Question

A conical container can hold 120π cubic centimeters of water. The diameter of the base of the container is 12 centimeters.

The height of the container is centimeters. If its diameter and height were both doubled, the container's capacity would be times its original capacity.

Answer 1

Answer: The height of the container is 10 centimeters. If its diameter and height were both doubled, the container's capacity would be 8 times its original capacity.

Explanation:

The volume of a cone can be calculated with this formula:

`V=(\pi r^2h)/(3)`

Where "r" is the radius and "h" is the height.

We know that the radius is half the diameter.
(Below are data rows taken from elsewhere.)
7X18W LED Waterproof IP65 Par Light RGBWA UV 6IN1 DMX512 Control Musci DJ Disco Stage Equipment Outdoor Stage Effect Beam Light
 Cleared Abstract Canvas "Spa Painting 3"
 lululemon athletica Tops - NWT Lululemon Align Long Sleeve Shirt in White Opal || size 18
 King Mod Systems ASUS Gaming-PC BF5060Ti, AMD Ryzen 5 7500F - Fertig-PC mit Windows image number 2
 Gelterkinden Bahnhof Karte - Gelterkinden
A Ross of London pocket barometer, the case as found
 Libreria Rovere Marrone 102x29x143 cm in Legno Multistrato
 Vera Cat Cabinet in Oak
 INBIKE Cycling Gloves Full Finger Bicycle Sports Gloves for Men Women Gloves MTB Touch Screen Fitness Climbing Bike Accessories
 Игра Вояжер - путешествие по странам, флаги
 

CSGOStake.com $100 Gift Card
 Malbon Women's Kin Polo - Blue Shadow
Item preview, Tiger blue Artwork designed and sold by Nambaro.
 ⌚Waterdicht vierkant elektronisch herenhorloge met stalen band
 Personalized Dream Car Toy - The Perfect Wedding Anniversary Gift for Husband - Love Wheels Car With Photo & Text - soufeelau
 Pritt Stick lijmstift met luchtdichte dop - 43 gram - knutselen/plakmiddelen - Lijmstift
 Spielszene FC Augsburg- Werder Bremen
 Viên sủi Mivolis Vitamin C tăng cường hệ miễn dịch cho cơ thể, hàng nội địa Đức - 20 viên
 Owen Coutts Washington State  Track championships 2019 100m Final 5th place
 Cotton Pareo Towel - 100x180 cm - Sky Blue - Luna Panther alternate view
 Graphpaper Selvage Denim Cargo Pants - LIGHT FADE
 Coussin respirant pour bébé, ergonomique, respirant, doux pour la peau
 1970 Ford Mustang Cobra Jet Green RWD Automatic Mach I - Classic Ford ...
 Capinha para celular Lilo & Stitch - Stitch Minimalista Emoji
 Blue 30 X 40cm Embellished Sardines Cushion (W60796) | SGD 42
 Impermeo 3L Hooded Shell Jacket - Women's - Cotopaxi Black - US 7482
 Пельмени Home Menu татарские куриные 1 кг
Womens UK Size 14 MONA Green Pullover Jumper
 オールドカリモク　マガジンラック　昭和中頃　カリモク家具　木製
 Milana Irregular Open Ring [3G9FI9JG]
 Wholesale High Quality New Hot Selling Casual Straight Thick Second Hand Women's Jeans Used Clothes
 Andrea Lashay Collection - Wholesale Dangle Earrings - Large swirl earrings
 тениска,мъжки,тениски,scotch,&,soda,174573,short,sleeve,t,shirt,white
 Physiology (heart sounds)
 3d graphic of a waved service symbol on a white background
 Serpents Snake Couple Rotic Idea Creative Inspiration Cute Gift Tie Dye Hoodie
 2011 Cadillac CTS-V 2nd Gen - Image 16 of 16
Then:

`r=(12cm)/(2)=6cm`

We know the volume and the radius of the conical container, then we can find "h":

`120\pi cm^3=(\pi (6cm)^2h)/(3)\\\\(3)(120\pi cm^3)=\pi (6cm)^2h\\\\h=(3(120\pi cm^3))/(\pi (6cm)^2)\\\\h=10cm`

The diameter and height doubled are:

`d=12cm*2=24cm\\h=10cm*2=20cm`

Now the radius is:

`r=(24cm)/(2)=12cm`

And the container capacity is

`V=(\pi (12cm)^2(20cm))/(3)=960\pi cm^3`

Then, to compare the capacities, we can divide this new capacity by the original:

`(960\pi cm^3)/(120\pi cm^3)=8`

Therefore, the container's capacity would be 8 times its original capacity.

Answer 2

A. 10cm

B. 8 times

Explanation:

The question is on volume of a conical container

Volume of a cone=
`\pi r^(2) h/3`

where r is the radius of base and h is the height of the cone

Given diameter= 12 cm, thus radius r=12/2 =6 cm

`v=\pi r^2h/3 \\120\pi =\pi *6*6*h/3\\120\pi =12\pi h\\10=h`

h=10 cm

B.

If height and diameter were doubled

New height = 2×10 =20 cm

New diameter = 2×12 = 24, r=12 cm

volume =
`v=\pi r^2h/3\\v=\pi *12*12*20/3\\v=960\pi`

To find the number of times we divide new volume with the old volume

`N= 960\pi /120\pi \\\\N= 8`